= Task objective =
Take the line with "8HP Treadmill with" and every line after it, through the end of the listing, and give them again exactly, pictures excluded.

= Supplied records =

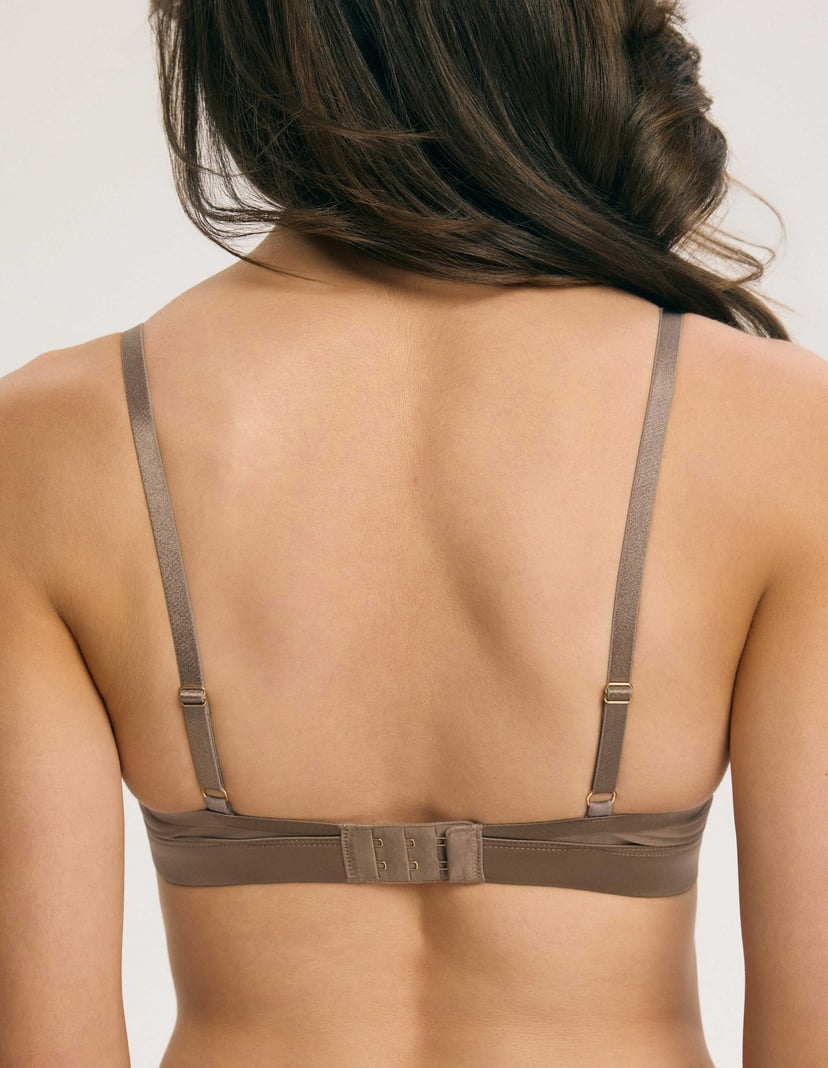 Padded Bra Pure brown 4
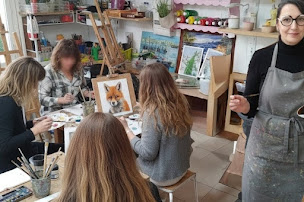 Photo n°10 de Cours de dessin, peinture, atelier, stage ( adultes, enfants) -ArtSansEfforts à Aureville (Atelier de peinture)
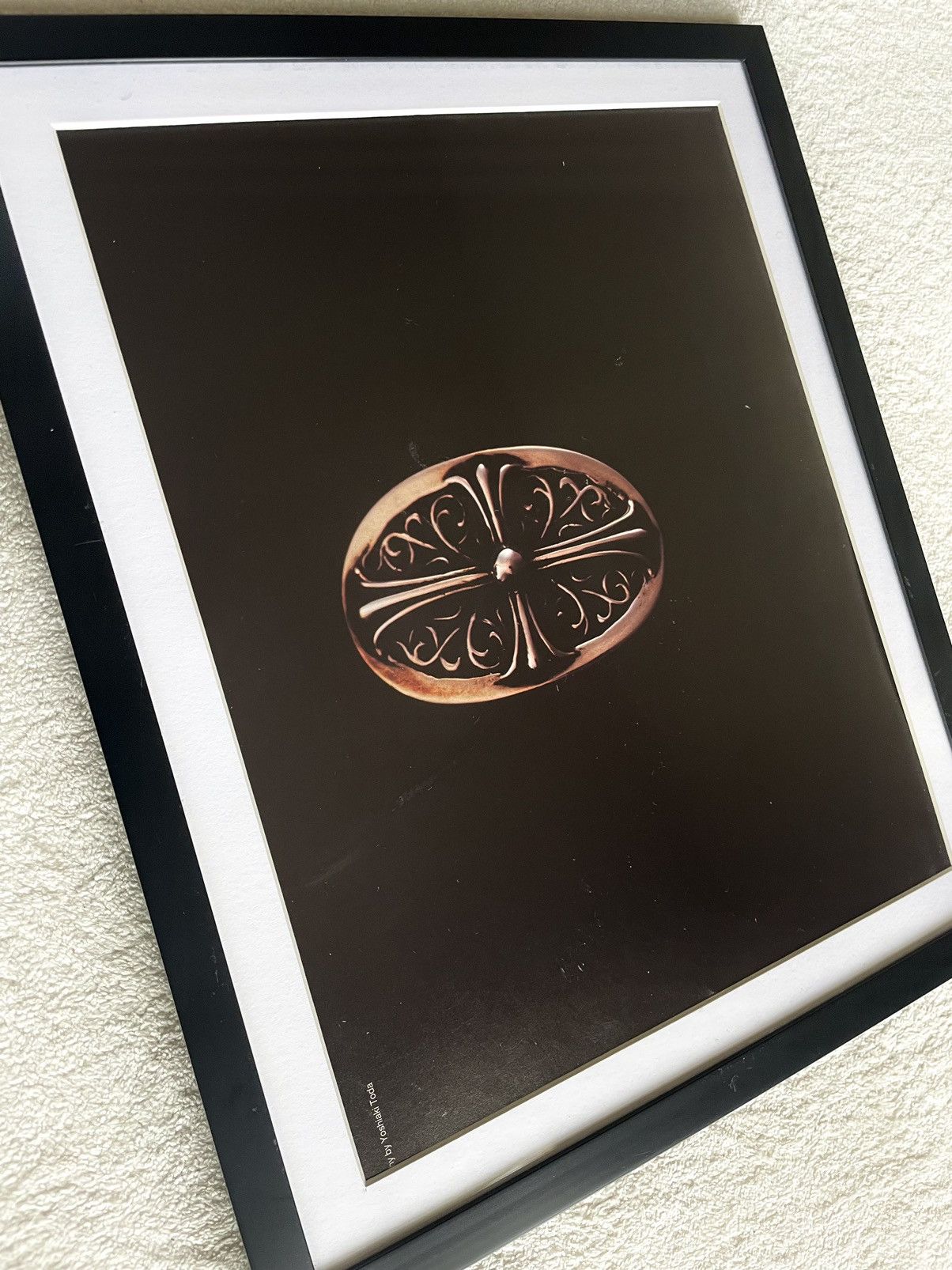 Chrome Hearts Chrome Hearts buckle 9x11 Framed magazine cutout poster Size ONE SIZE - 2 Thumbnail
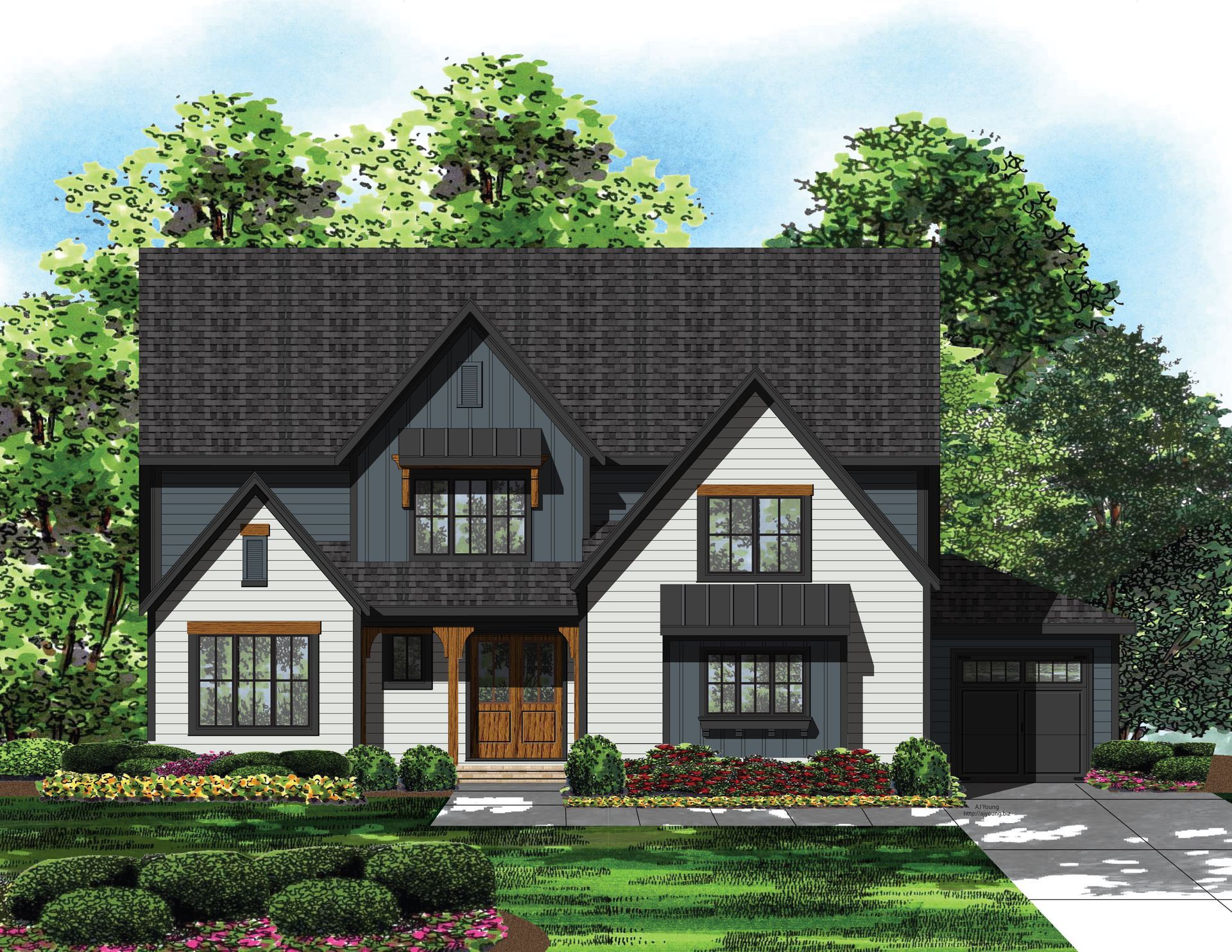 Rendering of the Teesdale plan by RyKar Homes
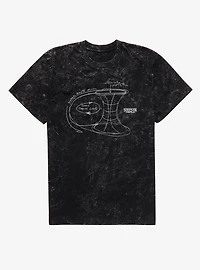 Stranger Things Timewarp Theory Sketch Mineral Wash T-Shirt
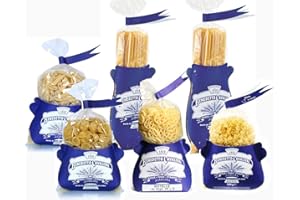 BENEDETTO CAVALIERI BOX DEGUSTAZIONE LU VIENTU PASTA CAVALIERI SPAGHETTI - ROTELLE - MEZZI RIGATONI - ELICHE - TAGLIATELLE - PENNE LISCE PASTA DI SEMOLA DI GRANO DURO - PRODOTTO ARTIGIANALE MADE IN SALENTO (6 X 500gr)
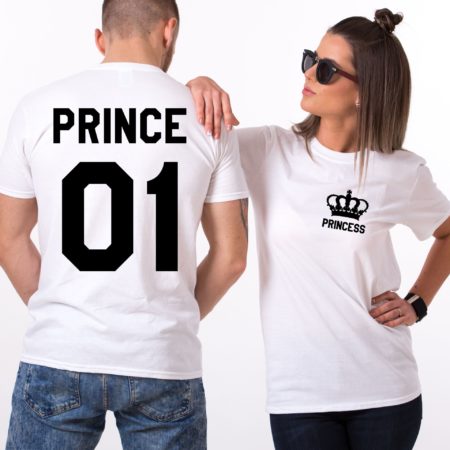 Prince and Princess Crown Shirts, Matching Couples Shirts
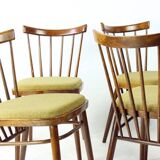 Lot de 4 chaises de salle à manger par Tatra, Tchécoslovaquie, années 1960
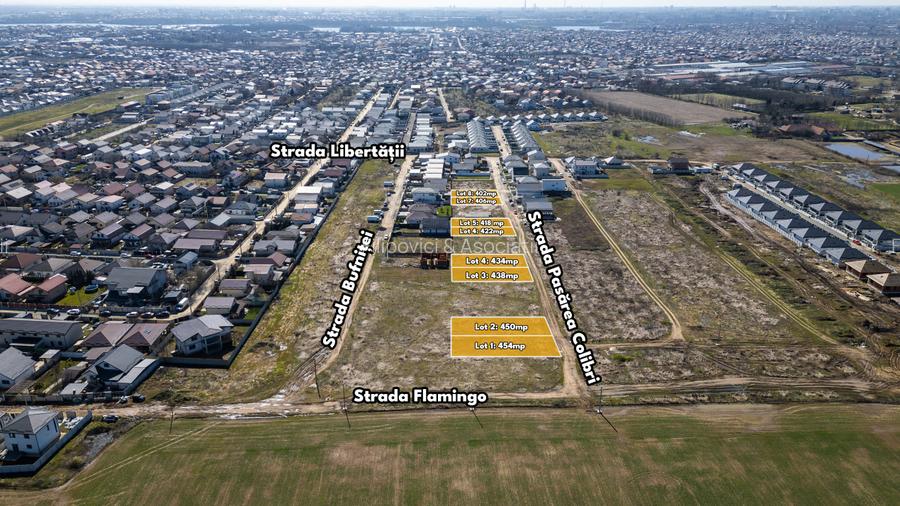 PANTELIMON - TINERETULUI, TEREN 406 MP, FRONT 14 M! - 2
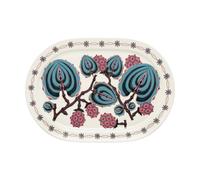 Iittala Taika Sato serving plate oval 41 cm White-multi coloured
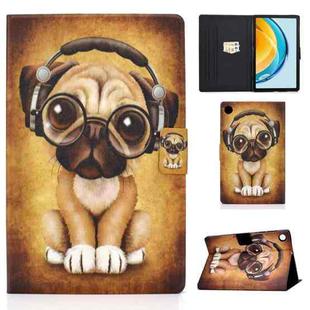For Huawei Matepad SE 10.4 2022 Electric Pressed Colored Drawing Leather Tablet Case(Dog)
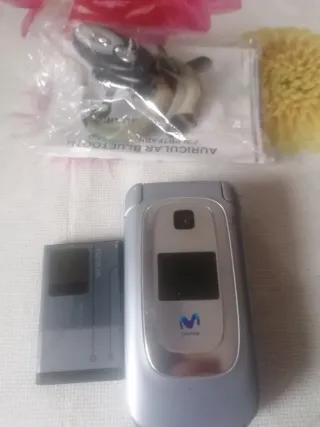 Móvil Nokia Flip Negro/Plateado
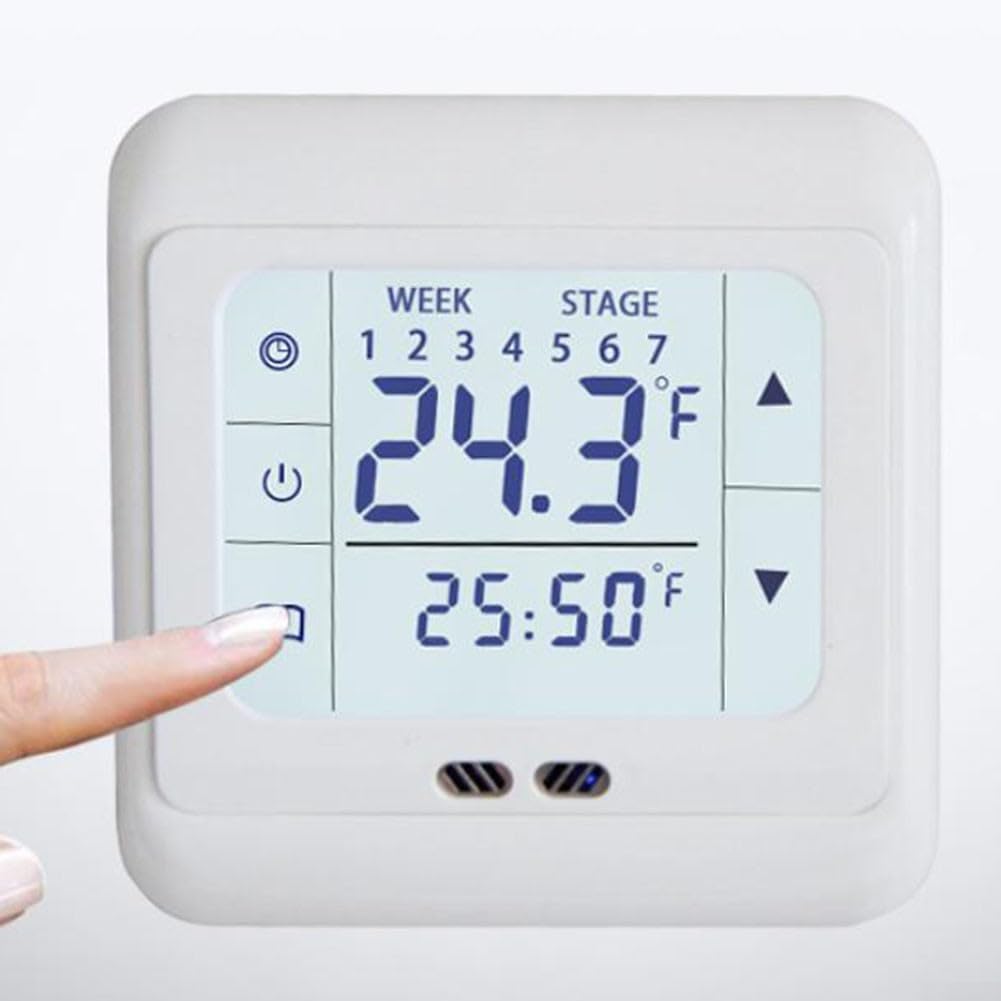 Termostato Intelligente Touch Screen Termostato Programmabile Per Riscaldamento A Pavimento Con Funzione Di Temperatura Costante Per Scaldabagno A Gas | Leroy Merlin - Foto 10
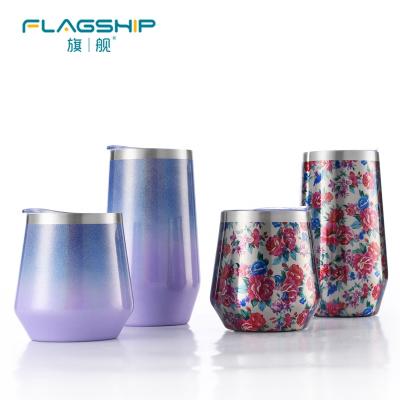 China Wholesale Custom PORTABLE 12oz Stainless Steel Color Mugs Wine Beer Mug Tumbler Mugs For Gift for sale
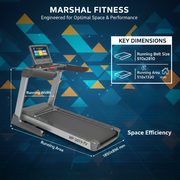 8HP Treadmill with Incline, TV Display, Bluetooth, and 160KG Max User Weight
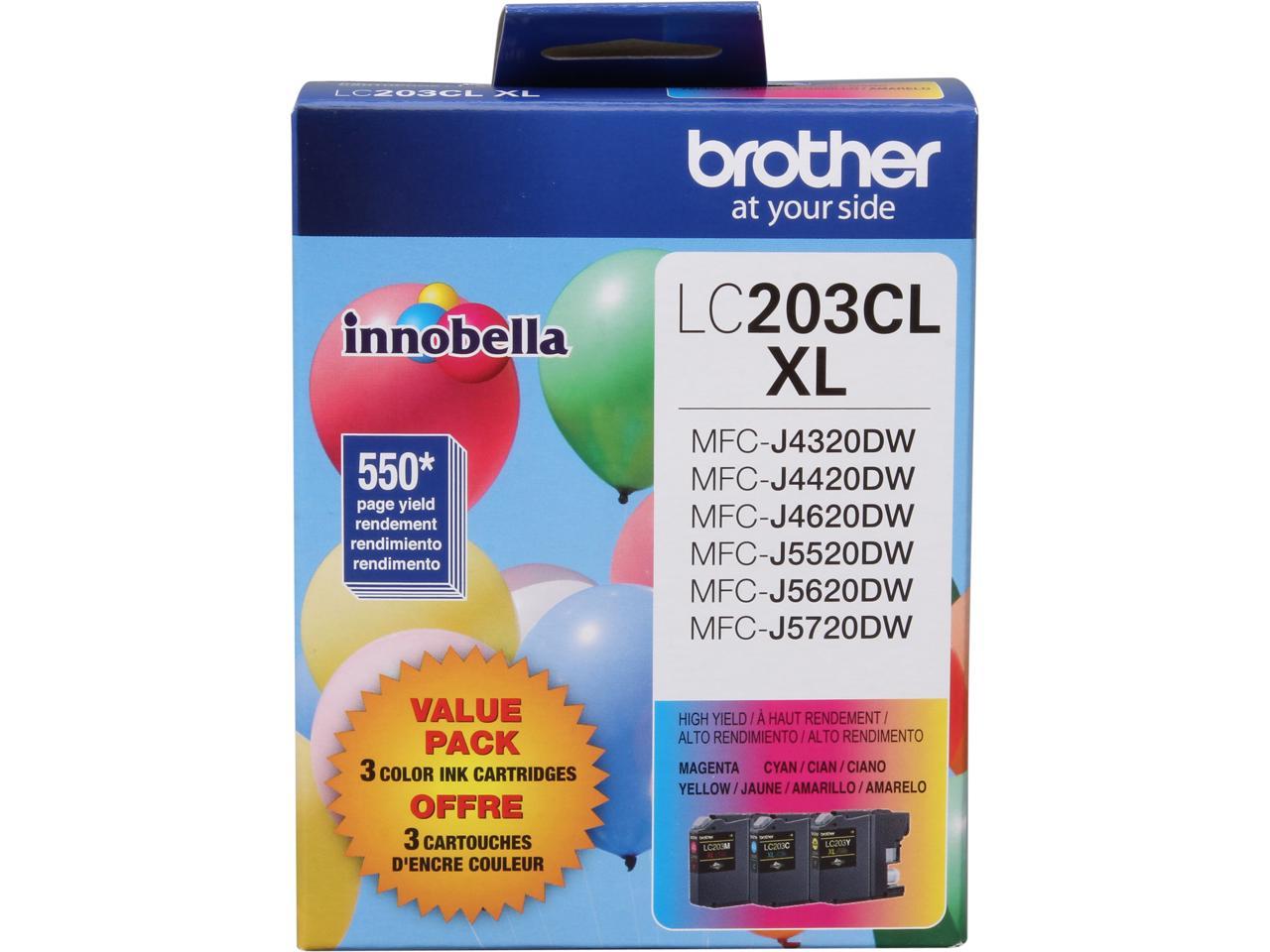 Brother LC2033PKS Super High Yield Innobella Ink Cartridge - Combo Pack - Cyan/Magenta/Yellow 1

= Result =
 8HP Treadmill with Incline, TV Display, Bluetooth, and 160KG Max User Weight
 Brother LC2033PKS Super High Yield Innobella Ink Cartridge - Combo Pack - Cyan/Magenta/Yellow 1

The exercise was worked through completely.